» TASK TO COMPLETE:
Where a picture appears, leave it out, and transcribe all the lines below exactly.

» COLLECTED DATA:
------------------------------------------------
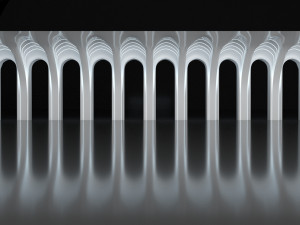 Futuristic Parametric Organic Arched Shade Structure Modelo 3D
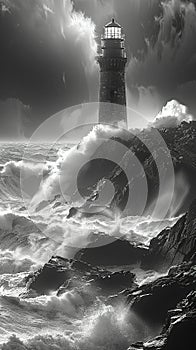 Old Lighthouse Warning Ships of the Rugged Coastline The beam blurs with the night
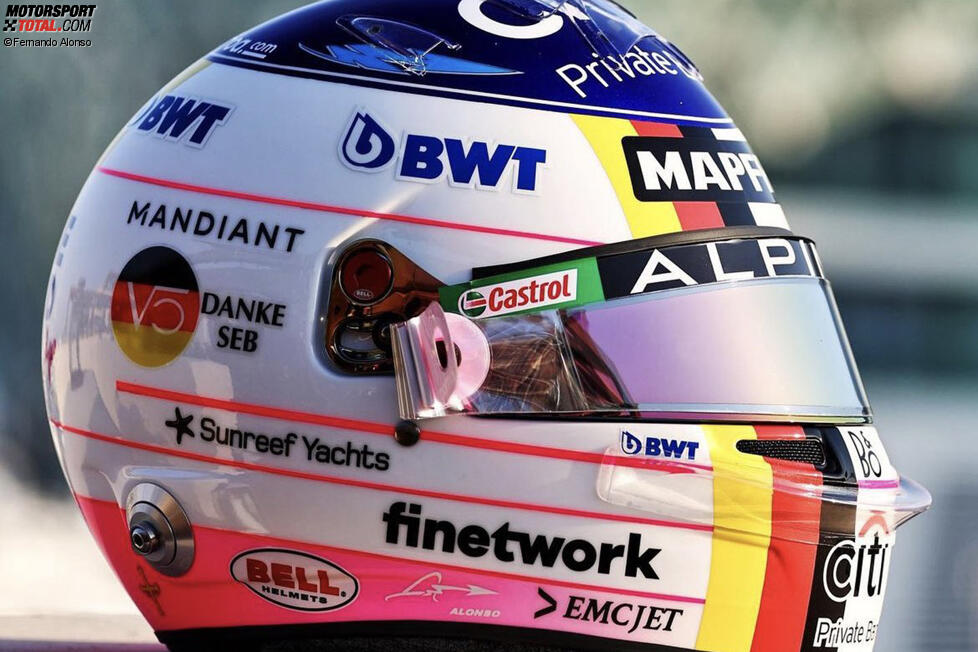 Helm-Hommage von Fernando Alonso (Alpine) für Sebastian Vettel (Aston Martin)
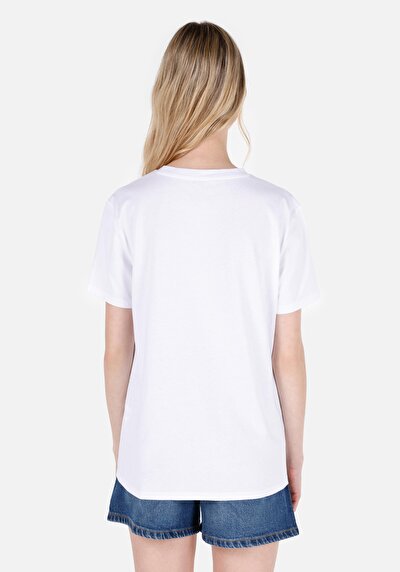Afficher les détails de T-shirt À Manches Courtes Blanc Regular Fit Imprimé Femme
------------------------------------------------
» YOUR RESPONSE:
 Futuristic Parametric Organic Arched Shade Structure Modelo 3D
 Old Lighthouse Warning Ships of the Rugged Coastline The beam blurs with the night
 Helm-Hommage von Fernando Alonso (Alpine) für Sebastian Vettel (Aston Martin)
Afficher les détails de T-shirt À Manches Courtes Blanc Regular Fit Imprimé Femme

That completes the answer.